Albums Of The Year: Number 15



Let's start with a quick game of Tyne & Wear indie scene musical connections. So Peter Brewis was, and still is in some photo captions (including those in Getty Images' archive), the drummer with the Futureheads, Barry Hyde has been in other bands with various members and their 1-2-3-Nul! EP was produced by David Brewis. Maximo Park's Tom English drums on the album. Most of the above have been part of the J Xaverre live band. Give us long enough and we'll come up with a connection to the Golden Virgins too, although Kubichek! might be a struggle. Such diagram drawing is the traditional way to open a piece on Field Music, but tells you nothing about what they sound like.

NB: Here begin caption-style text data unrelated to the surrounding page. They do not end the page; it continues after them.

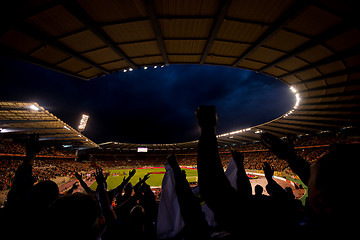 Image showing soccer fans support their favorite sports team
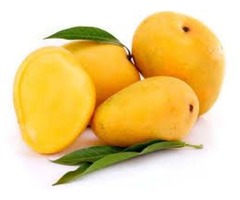 Relish Mangoes Year-round by purchasing from Reputed Suppliers in Bulk | free-classifieds-usa.com - 1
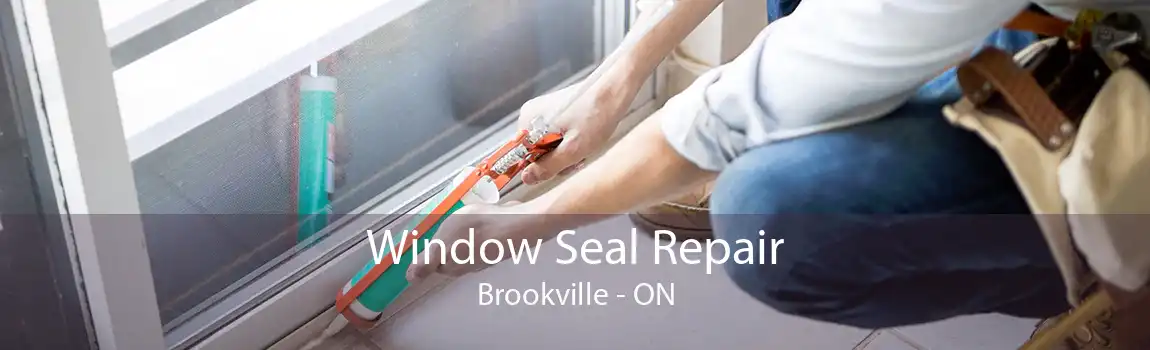 Window Seal Repair Brookville - ON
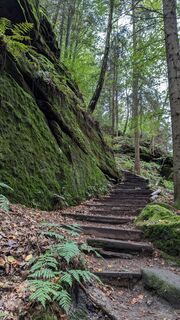 Fotografia z hochlandfamilie na trase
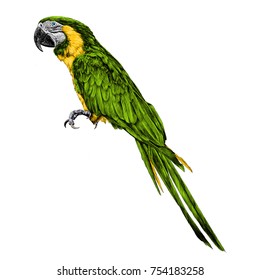 bocetos de loro dibujo gráfico vectorial imagen en color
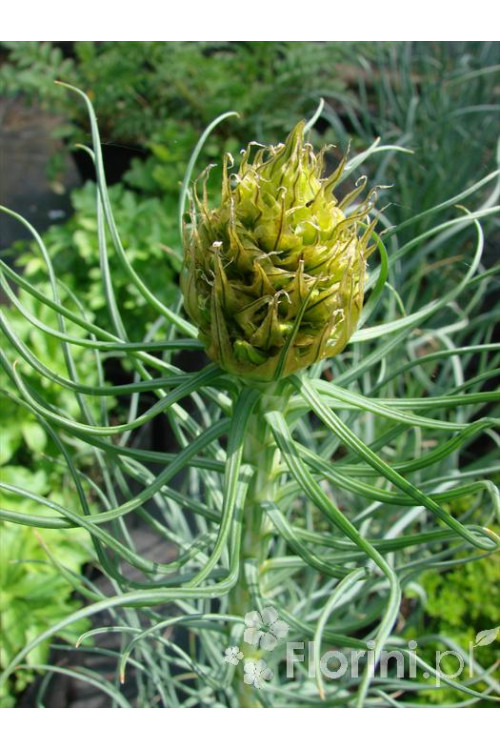 Złotnica złota | Asphodeline lutea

Actually, what do they sound like? Over the album they veer from Mr Blue Sky ELO to English Settlement XTC, La's harmonies with prog time signatures and at least two songs that seemingly take inspiration from Robert Wyatt's version of I'm A Believer. As much as they're thrown into the mix they don't sound like just another post-punk band, turning the guitar effects down and producing the sort of sound that would be dubbed Americana if it wasn't laced with local accents and British Invasion and psychedelic pop suss. All this begs an interesting philosophical question - is it now seen as too obvious to be in thrall to the Beatles and Pet Sounds? You never hear them explicitly mentioned any more even when their fingerprints are all over the evidence. Field Music is proof that not only it is something not to be ashamed of, but there are still more ways and means to utilise the core values in 2005 and create something fresh sounding.

LISTEN IN: You Can Decide
EXTRA FEATURE: Not a lot about, but at least they've talked to Gigwise

1 comment:

Chris Brown said...

Thanks for the track - I think I've heard them before, but I don't really remember them.

Actually this sounds to me a lot like Split Enz. No bad thing that.